The Mississippi Sound was uncharacteristically angry when I visited my parents last weekend. The shallow, muddy body of water I grew up on definitely spends more time smooth as a polished diamond than it does imitating its bigger, deeper and more intimidating relatives. But this past weekend it was as worked up as I’ve ever seen it without a named storm pushing the issue.
Honestly, I would rather have had crystal-blue skies and skillet-flat water broken only by redfish tails and shrimp than the 40-mph maelstrom and banging surf, but bad weather is definitely the better show.
My son, dog and I came over Saturday after my parents invited us to accompany them to the Biloxi Elks Lodge for steak night. How could we refuse? Actually, the dog — Georgia — wasn’t invited, to her great dismay.
I’m nearing the half-century mark, but I’m not quite Lodge-age yet, so it was an adventure for us to tag along. Yeah, there was a bit of a high school cafeteria feel to the place, but the gigantic elk’s head on the wall, dim lighting and a couple of more “mature” musicians knocking out one classic oldie after another created a unique atmosphere. The steaks were great and watching my parents walk in carrying their “dancing shoes” in small backpacks was classic.
The wind had been up Saturday afternoon and by the time we returned from our steak-and-dancing adventure that night it was howling. As I took Georgia outside for her pre-bed activities around midnight, I could have sworn a tropical storm was coming.
My mother was up before dawn after her standard four hours of sleep. Some of my siblings and I inherited the night owl genes from her and seldom sleep before midnight, but now she often gets up around dawn as well, which kind of scares me as I find it harder and harder to sleep late.
Just after 5, my mom started checking email and loudly playing a video of some noisy bird a friend had sent her. This sent Georgia rocketing out of bed next to me and meant I had to get up and take her out to pee. I had planned on a zombie-like walk outside, then quickly stumbling back to bed for a few more hours, but there was too much going on.
The wind was blowing so hard it was actually pushing me around during gusts.

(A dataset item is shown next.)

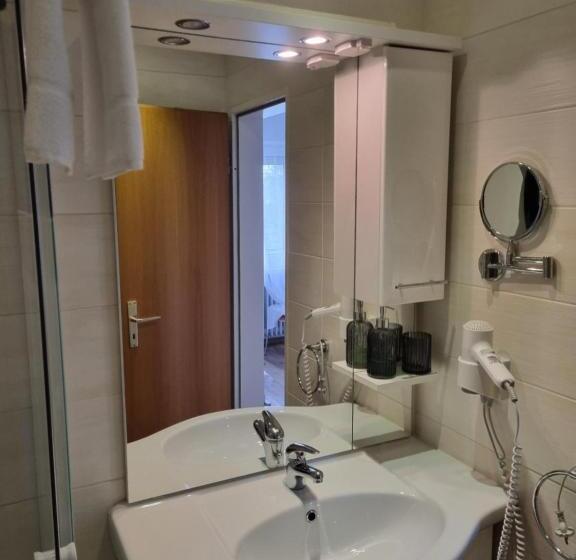 标准单人间, Pension Anke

My mom came out and started tending to potted plants that had blown over while I picked up blown-over chairs. The sun was just coming up and the eastern sky was bright orange over Ingalls Shipbuilding. And even though there was a fierce wind, much of the sky above was blue.
A lone frigate bird glided above us and we started talking about how it looks like they’re having so much fun surfing these huge winds. Often the frigate birds portend a hurricane or tropical storm, but sometimes they just show up on a particularly windy day. They’re more welcome in my mind on days like Sunday.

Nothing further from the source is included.